▼

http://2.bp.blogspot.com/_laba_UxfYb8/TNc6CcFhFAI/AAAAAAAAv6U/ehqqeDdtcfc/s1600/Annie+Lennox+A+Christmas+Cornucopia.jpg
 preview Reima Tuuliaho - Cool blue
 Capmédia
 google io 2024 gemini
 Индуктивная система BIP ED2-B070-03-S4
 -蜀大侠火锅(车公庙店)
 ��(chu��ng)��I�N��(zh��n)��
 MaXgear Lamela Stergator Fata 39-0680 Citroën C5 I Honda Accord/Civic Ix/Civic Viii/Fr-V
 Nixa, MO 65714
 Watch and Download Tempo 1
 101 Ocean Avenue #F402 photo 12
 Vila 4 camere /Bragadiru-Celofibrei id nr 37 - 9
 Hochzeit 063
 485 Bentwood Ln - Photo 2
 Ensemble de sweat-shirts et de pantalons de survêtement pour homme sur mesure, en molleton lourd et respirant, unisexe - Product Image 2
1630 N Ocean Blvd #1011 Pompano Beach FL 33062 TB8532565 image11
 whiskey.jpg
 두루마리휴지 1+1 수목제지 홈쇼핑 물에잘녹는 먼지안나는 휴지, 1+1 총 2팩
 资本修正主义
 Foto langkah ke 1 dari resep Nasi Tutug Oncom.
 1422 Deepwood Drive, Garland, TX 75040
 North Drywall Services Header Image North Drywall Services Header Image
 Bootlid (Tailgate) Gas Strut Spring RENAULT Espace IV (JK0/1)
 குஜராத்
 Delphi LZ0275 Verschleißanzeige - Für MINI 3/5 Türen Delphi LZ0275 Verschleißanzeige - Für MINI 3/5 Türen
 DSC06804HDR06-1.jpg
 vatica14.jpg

▲

• Your goal
Consider the entries above and return each line with the string "Ocean".

• Solution to this task
 101 Ocean Avenue #F402 photo 12
1630 N Ocean Blvd #1011 Pompano Beach FL 33062 TB8532565 image11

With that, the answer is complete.